Math Curse by Jon Scieszka, illustrated by Lane Smith
This is, by far, my son’s favorite math picture book. I think we’ve read it hundreds of times. It’s nice, too, that the math concepts are puzzles to enjoy in small increments if you’re running past bedtime, or in its entirety. Jon Scieszka brings humor to math in his inimitable way. This is a picture book that you won’t mind reading over and over again! [picture book, ages 4 and up]

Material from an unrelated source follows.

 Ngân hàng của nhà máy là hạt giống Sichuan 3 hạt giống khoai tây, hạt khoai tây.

Alexander Who Used to be Rich Last Sunday by Judith Viorst, illustrated by Ray Cruz
Money burns a hole in my oldest’s pocket, so this book always comes to mind when she was young and received or earned some money and had the feeling of being rich, followed by that impulse to spend, spend, spend! These days now that she’s much older, she’s much better at saving her money. This book which we read together helped to reinforce my saving message in the most humorous way possible. [picture book, ages 4 and up]

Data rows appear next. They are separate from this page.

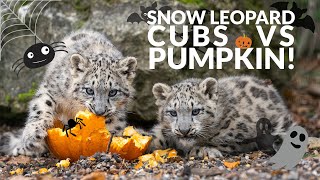 Snow Leopard Cubs Vs PUMPKIN!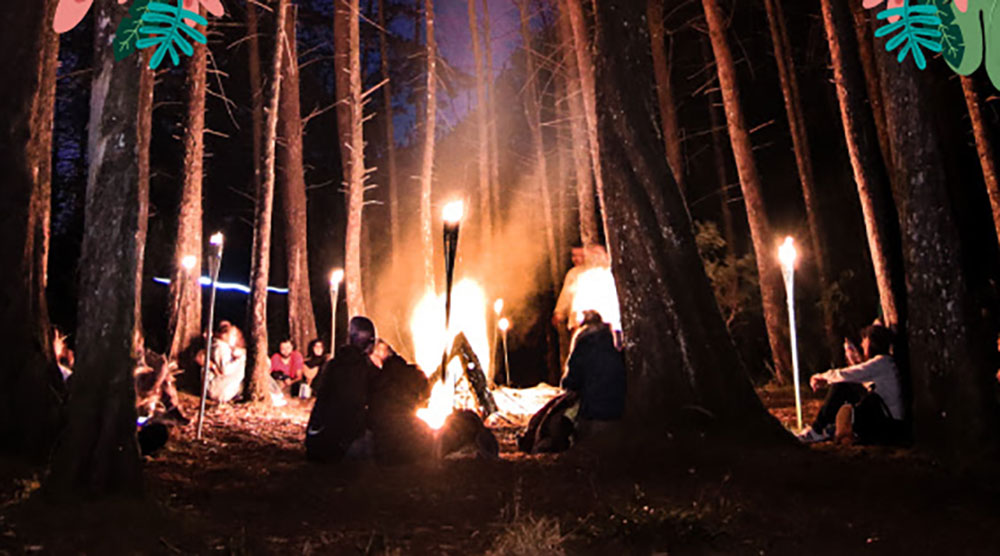 bosque oscuro en la noche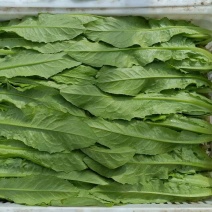 精品油麦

How Much Is a Million? by David M. Schwartz, illustrated by Steven Kellogg
A million is a difficult concept to imagine and this book does a great job helping to put that number into context kids can visualize. Counting to a million takes about 23 days, for example! Once a million has sunk in, Schwartz goes on to explain a billion and then a trillion! Steven Kellogg’s engaging illustrations make these math concepts fun and easy to understand. I’d use this picture book as soon as your child talks about a million. [picture book, ages 4 and up]
Patterns Everywhere by Lisa Varchol Perron
Spirals snuggle, safe and tight.
Growing when the time is right.
Center point and moving curve.
Patterns, patterns to observe.
This is a delightful way to explore patterns in nature, a foundational skill for learning and understanding math concepts! Rhyming four-line stanzas are paired with a nonfiction sidebar to further explain the pattern concepts. Colorful photographs showcase the pattern in nature. Spiral plants and animals are explored through a fern unfurling and a seashell. [nonfiction picture book, ages 5 and up]
Too Many Rabbits by Davide Calì, illustrated by Emanuele Benetti, translated by Angus Yuen-Killick
When Owen and Zoey get Dad to buy them a pet, they end up with two rabbits that quickly multiply into too many bunnies. They decide to give some away, and the story shifts into a Counting to 20 concept book that also includes 210 rabbits that find a new home. This is a clever and entertaining way to teach numbers, counting, and exponential growth! [picture book, ages 4 and up] Out March 14, 2023
Bake Infinite Pie with X + Y by Eugenia Cheng, illustrated by Amber Ren
Can you bake an infinite amount of pie? X and Y work with Aunt Z to figure this out. Learn about the concept of infinity in this pie-baking adventure! Math exists in the shapes of the pie and dividing the shapes into smaller pieces is a process that lasts … well … infinitely! Eugenia Cheng takes an abstract concept and makes it easy to understand, and delicious! [picture book, ages 4 and up]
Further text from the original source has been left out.